On behalf of Smiley & Smiley, LLP posted in Defective Products on Thursday, May 9, 2013.
Some products are inherently dangerous. They are only considered to be dangerous and defective for legal purposes if they do not function as intended. For example, someone could not generally sue the manufacturer of chain saws for a chain saw injury unless the inherently dangerous product was somehow defective or did not perform as it was intended to. However, consumer protections against unintentionally dangerous or defective goods are deeply rooted in the legal concept of product liability.
So how are consumers to respond when a product is not inherently dangerous but could possibly cause them significant harm even when it functions as intended? This is the question that the Food and Drug Administration (FDA) recently contemplated with regards to tanning beds. These devices are not inherently dangerous like knives, saws and bleach. However, they can ultimately cause cancer simply by functioning as they were designed to.

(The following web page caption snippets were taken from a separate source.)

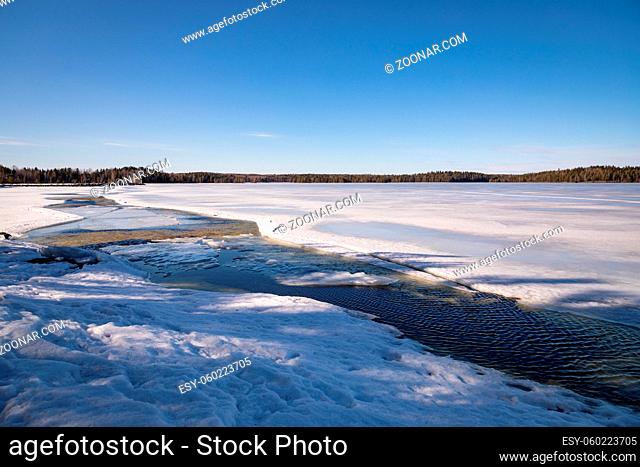 Ice melting in the lake landscape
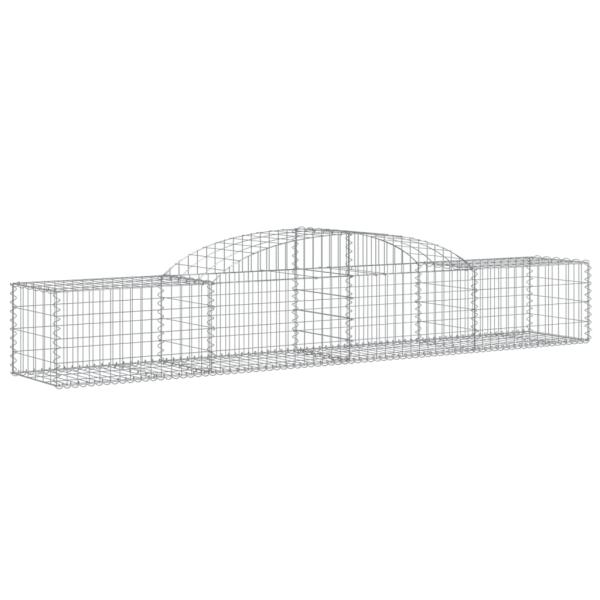 Gabionen mit Hochbogen 12 Stk. 300x50x40/60 cm Verzinktes Eisen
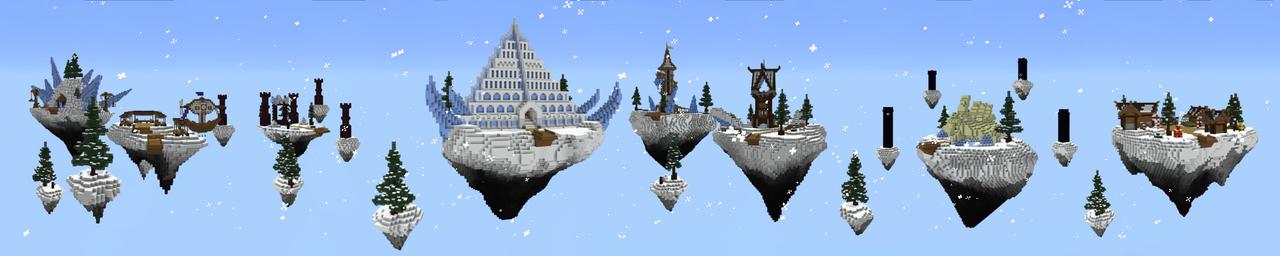 Panorama of the Minecraft Bedrock Marketplace product Winter Skyblock created by GoE-Craft.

In the wake of mounting lawsuits against tanning bed manufacturers, salons and even nail salons who utilize UV rays, the FDA has proposed mandatory warning labels for tanning beds. These labels would indicate that users should seek regular cancer screenings and that minor children should avoid these devices altogether. In addition, the FDA has proposed that tanning beds be reclassified as Class II medical devices in order to better reflect the harm that they can cause consumers.
Ultimately, consumers harmed by tanning beds must educate themselves about any legal remedies available to them and seek counsel if they have questions. But moving forward, the FDA will be at minimum warning consumers about the dangers that greet them if they choose to expose themselves to the high levels of hazardous UV rays present in every operational tanning bed.